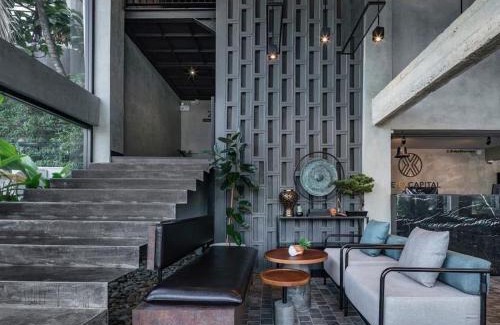 Bang Lamphu Lang Hotel | The Ex Capital Hotel Bangkok by Dancenter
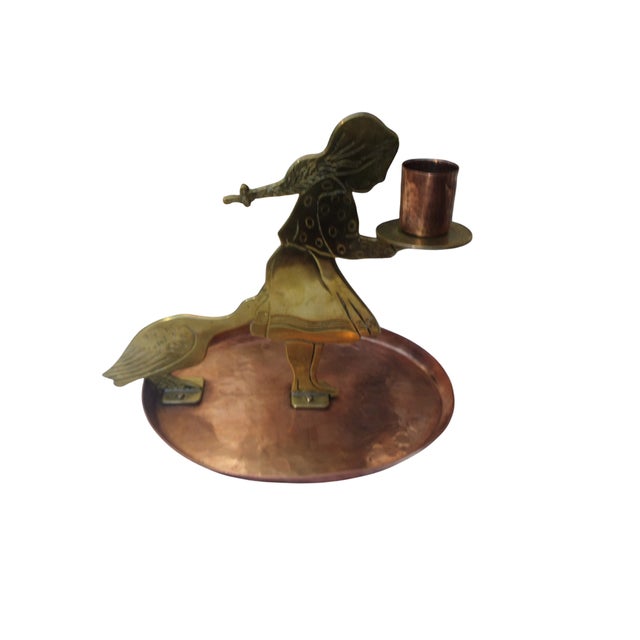 Antique Art Nouveau Candlestick from WMF, 1890s For Sale - Image 13 of 13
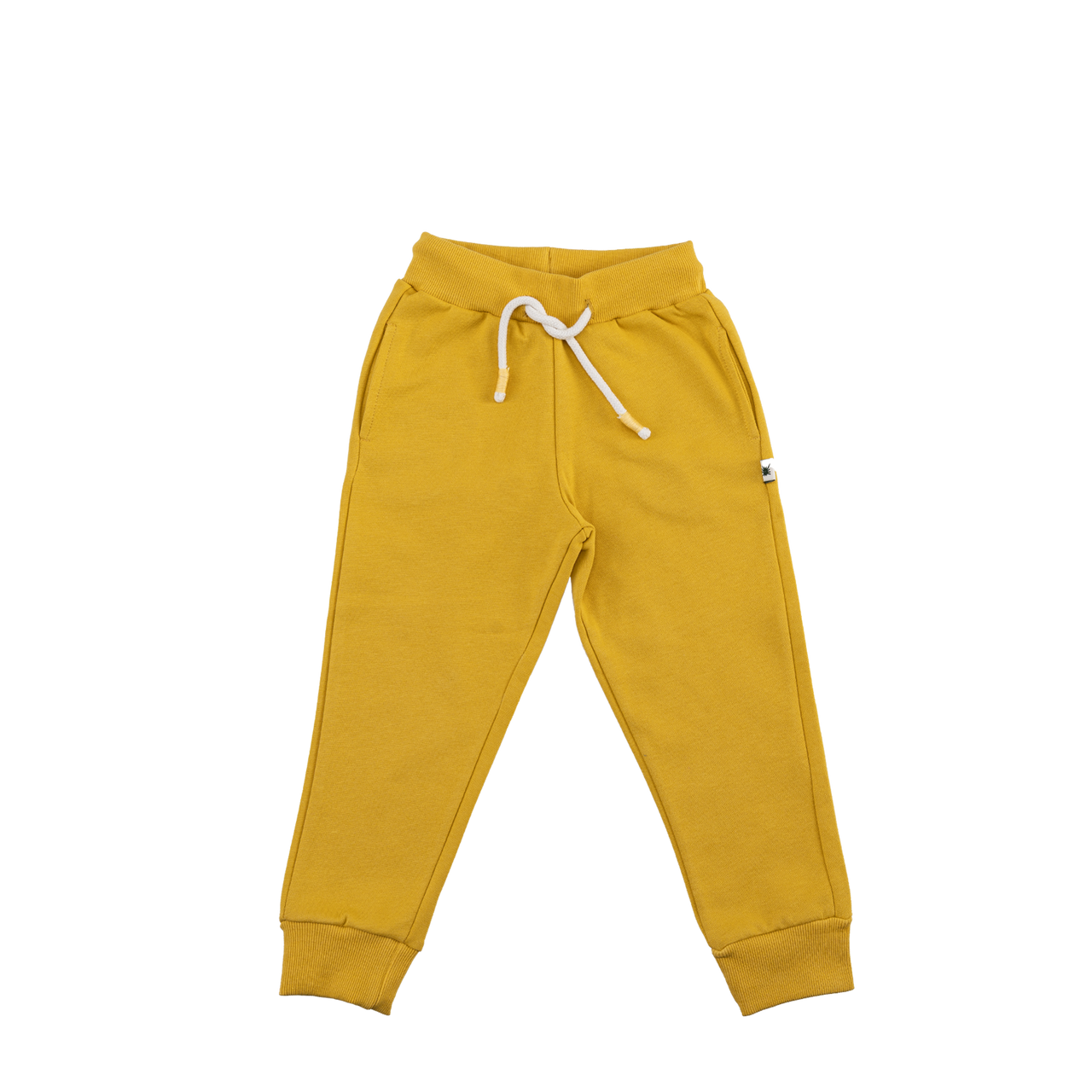 "Jogger" Pantolon - Hardal
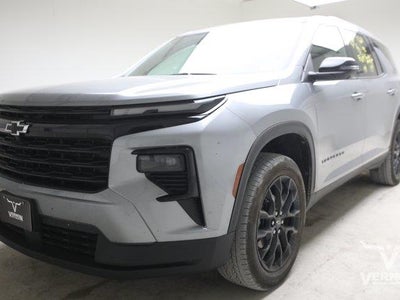 2024 Chevrolet Traverse LT 4DR SUV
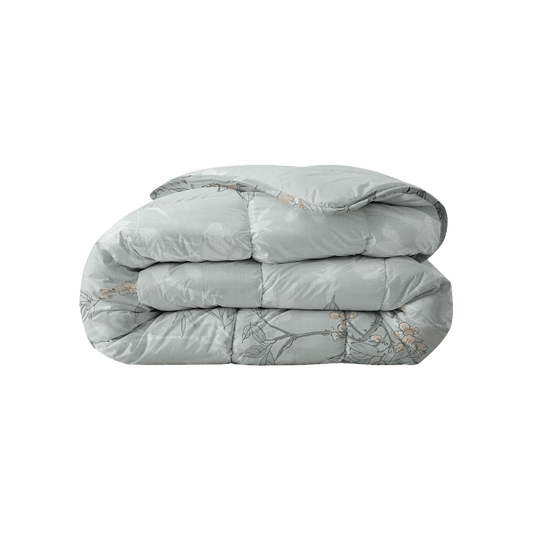 Zelesta Everyday Design Sommerbettdecke - Aqua Forest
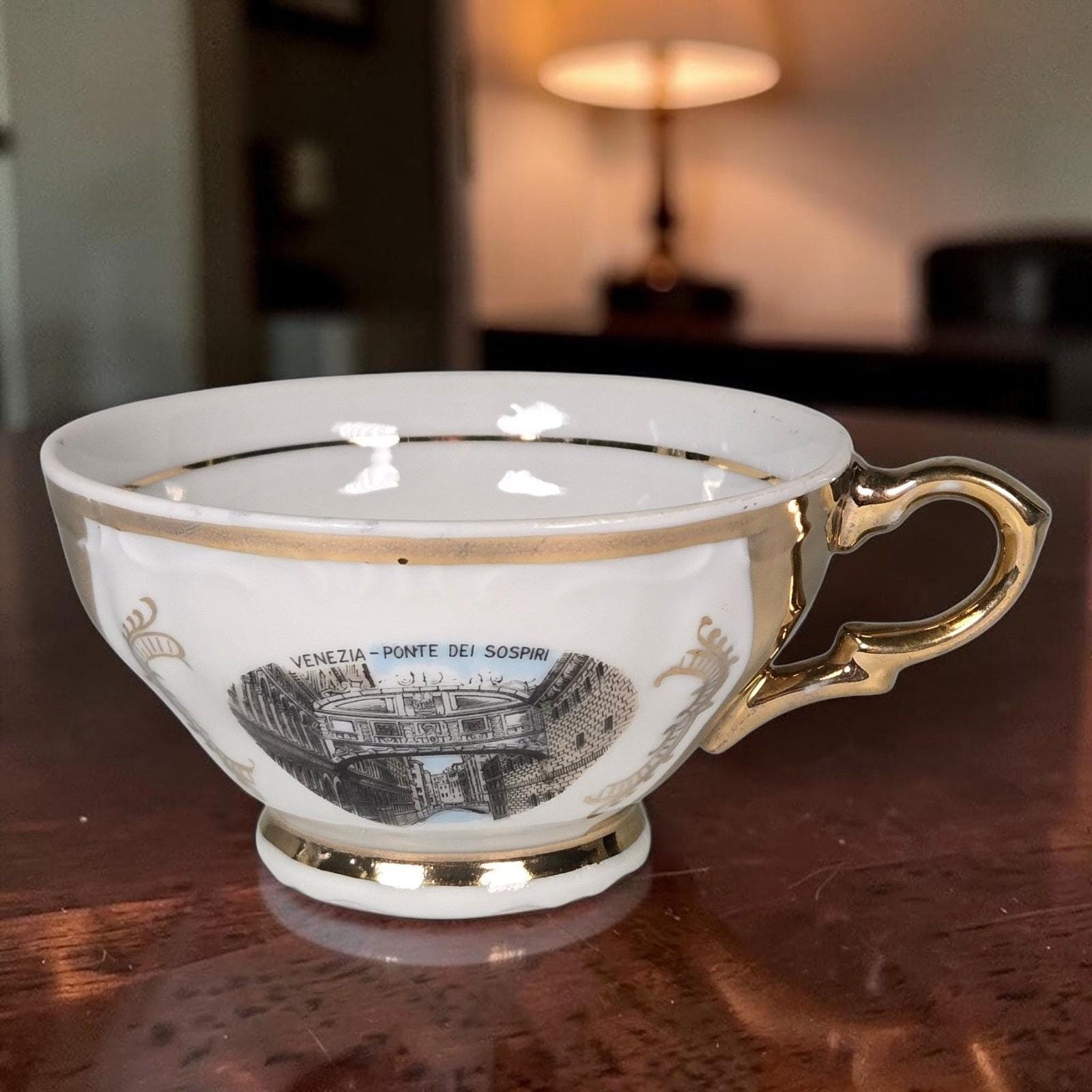 Venezia Porcelain - Etsy
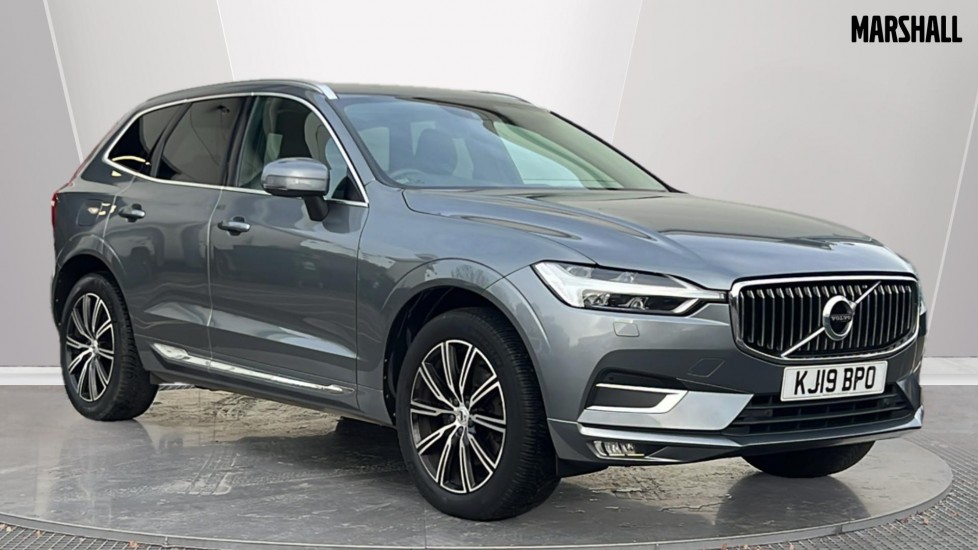 Used Volvo XC60 2019 for sale - 76459077: Photo 1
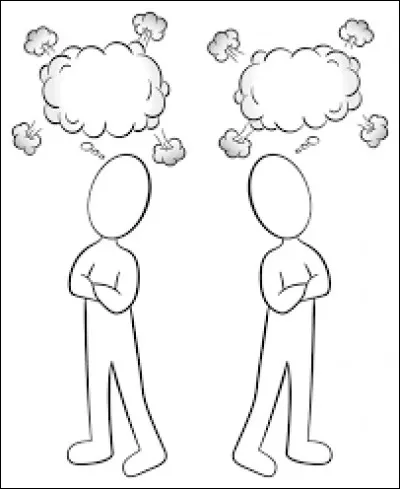 Lequel de ces mots désigne un malentendu ?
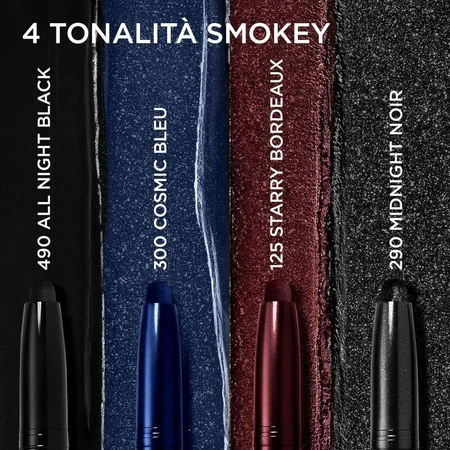 L'Oréal Paris Le Shadow Stick Oogschaduwstift nr. 125 Starry Bordeaux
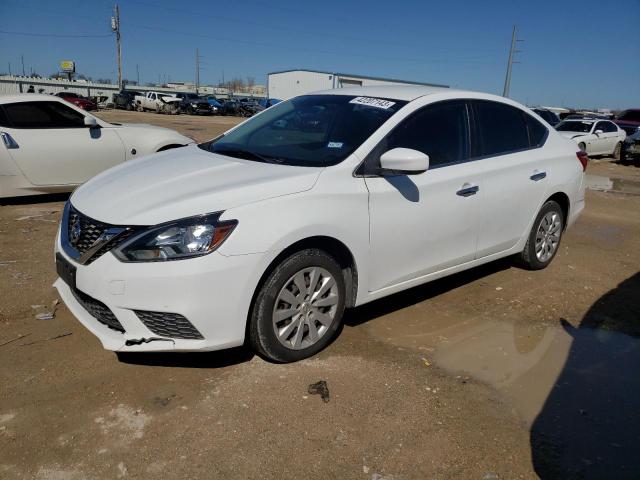 NISSAN SENTRA S 2016 3n1ab7ap0gy242048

Action item> Transcribe the full listing above exactly as it stands, minus the pictures.

Solution for this problem>
 Bang Lamphu Lang Hotel | The Ex Capital Hotel Bangkok by Dancenter
 Antique Art Nouveau Candlestick from WMF, 1890s For Sale - Image 13 of 13
 "Jogger" Pantolon - Hardal
 2024 Chevrolet Traverse LT 4DR SUV
 Zelesta Everyday Design Sommerbettdecke - Aqua Forest
 Venezia Porcelain - Etsy
 Used Volvo XC60 2019 for sale - 76459077: Photo 1
 Lequel de ces mots désigne un malentendu ?
 L'Oréal Paris Le Shadow Stick Oogschaduwstift nr. 125 Starry Bordeaux
 NISSAN SENTRA S 2016 3n1ab7ap0gy242048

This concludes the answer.